Okay, so, that was maybe a little misleading, it's in the, it's in, it's where it's supposed to be. It's between the thoracic cavity and the abdominal cavity, but when you're born it's way higher up and the diaphragm at that point only has one function, it is only a respiratory muscle. It is not fully It has not fully grown into, for life, a pun, it has not fully grown into its three functions.
The diaphragm has two parts and three functions. So as the baby develops and starts to gain control of its head. And starts to gain control of its limbs, the diaphragm gets stronger and starts to drop down in the chest. And that's when it starts to improve upon its other two functions and play a role in postural stability and visceral, um, control.
So those are the three parts of the diaphragm. Respiratory? postural and visceral. Those three parts of the diaphragm all work together
to, all work together because it's one muscle. It has two parts though. So it has a costal part, the part of the diaphragm that connects to the ribs, hence the name costal. Then it has a crural part, crural. Are the long, more tendinous, well they're muscle too, but tendon and muscle, um, legs of the diaphragm that connect to the vertebrae.
They're like the anchor point. Then there's the costal connection. And the costal part and the crural part come together at the central tendon. Now the central tendon is not considered a different part of the diaphragm, like the crura or the costal part, but that is where everything comes together. The central tendon is also where the visceral function Or the visceral connections live.

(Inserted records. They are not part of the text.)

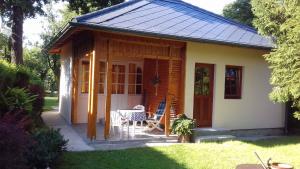 mały domek ze stołem i krzesłami na dziedzińcu w obiekcie Holiday home in Balatonfenyves 18357 w mieście Balatonfenyves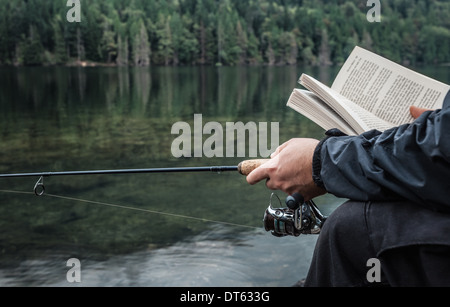 Mann Angeln mit Buch, Buntzen Lake, British Columbia, Kanada Stockfoto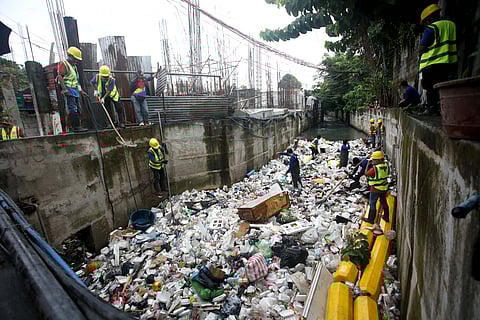 Workers from the Metropolitan Manila Development Authority gather trash by using heavy equipment as they clean the Maligaya Creek in Caloocan City on Wednesday.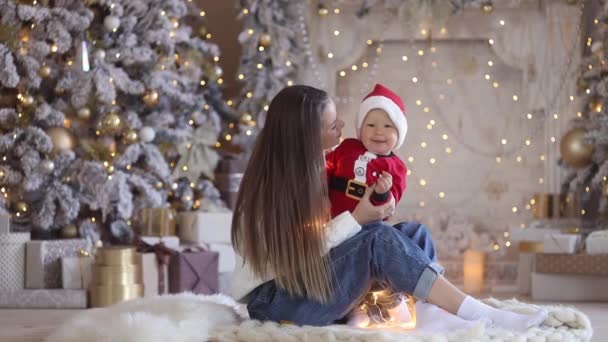 Belle jeune famille : mère jouant avec son petit garçon près de l'arbre de Noël — Video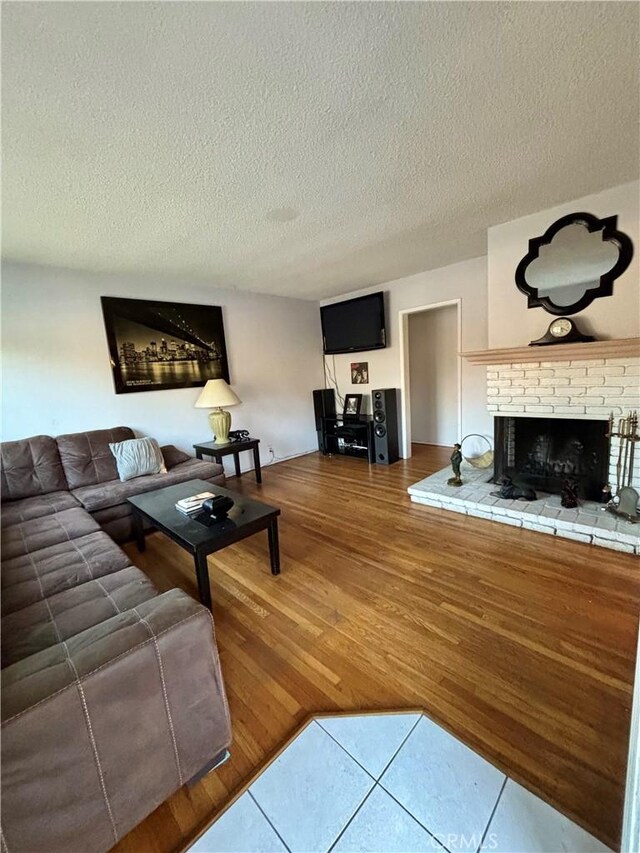 living room with hardwood / wood-style flooring, a brick fireplace, and a textured ceiling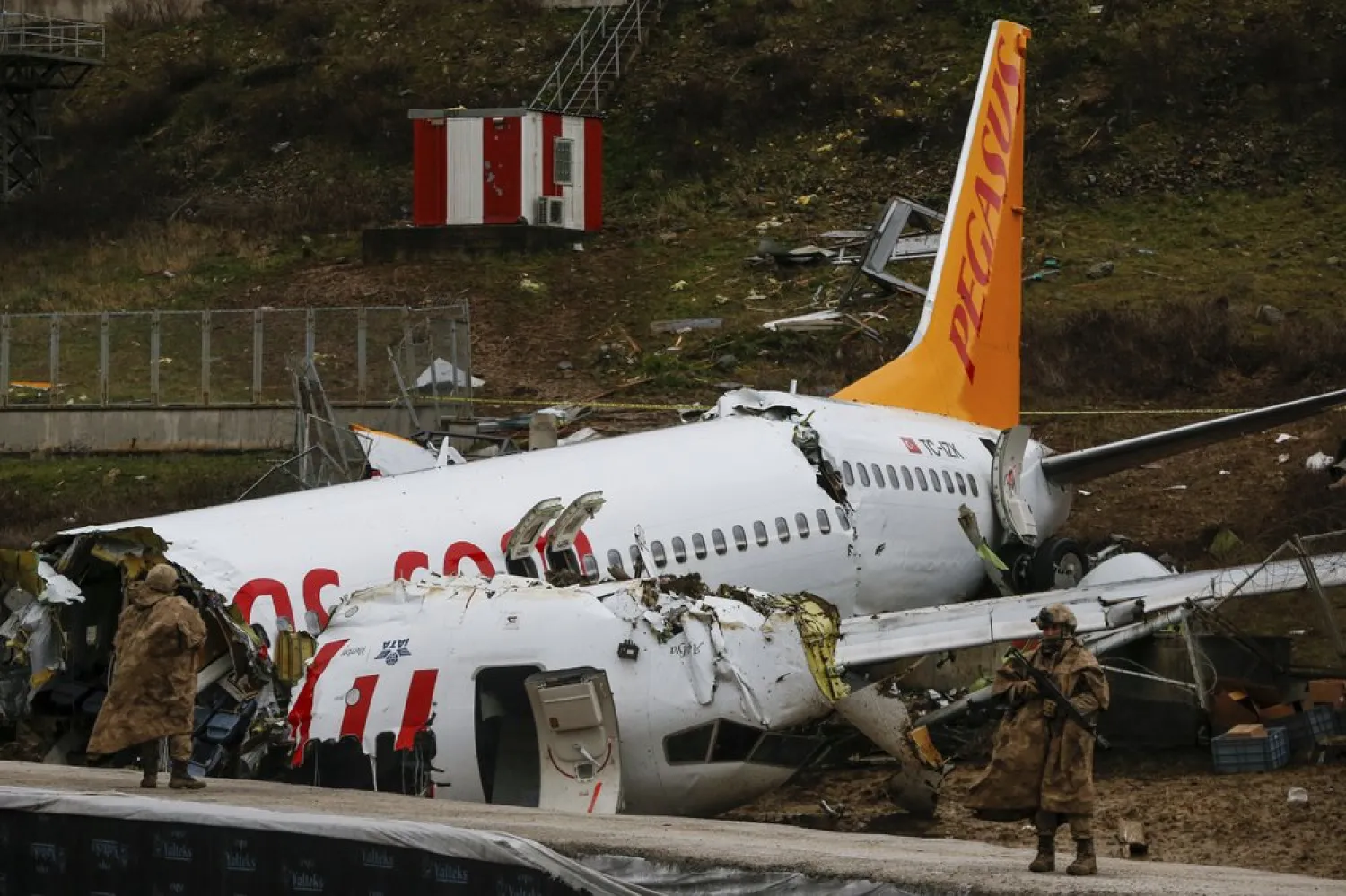 Turkish soldiers guard the wreckage of a plane operated by Pegasus Airlines after it skidded Wednesday off the runway at Istanbul's Sabiha Gokcen Airport, in Istanbul, Thursday, Feb. 6, 2020. (AP)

The crura also play a role in the visceral pieces. So the crura and the central tendon are considered the visceral part of the diaphragm, whereas the costal part of the diaphragm is more of the respiratory and the postural connection. But, really, all Parts, both parts, both, all three units, I guess if you could call it, are the same muscle and therefore all participate in respiratory, postural, and visceral, right?
So the, and they all, like they all work together. They have to all work together since they're all one muscle. Seems like basic, but like true. And just like everything else in anatomy, we piece it apart to better understand it, but then we have to learn how to put it all back together and realize how it works together.
Now when you have a muscle that has multiple different parts and multiple different functions, also means you usually have multiple different nerves that control or communicate. from it. And that's true here too. You have two nerves that can control the motor function of the diaphragm. And then you have nine nerves that participate in the sensory experience from the diaphragm.
The motor nerves are the phrenic nerve and the vagus nerve. And then the sensory nerve. sensory nerves are the phrenic nerve and the vagus nerve, and then the spinal nerves from the level of T5 all the way to T12. So, there is a lot of opportunity then for us to influence the diaphragm function and mobility from various spinal levels.
including C3, C4, C5, including the occipital area of the, um, cervical spine because of the vagus nerve, the thoracic inlet, and then T5 through T12. So super interesting. And the, the reason they all work together like that and why there's multiple parts is because we need to be able to. Um, do those three functions at the same time.
And so that's why it's important then for the muscle to have different parts is because we need to be able to be breathing and stabilizing. Um, we need to be able to be breathing, but then also throw up, right? And so, um, these nerves and these muscle parts all communicate with each other to create all these different functions.
So the, the visceral function of the diaphragm is, there's multiple, there's multiple parts of this visceral function. The main visceral function of the diaphragm is the role of the diaphragm as a sphincter muscle for the esophagus. So the esophagus is one of the holes that is like penetrates the diaphragm.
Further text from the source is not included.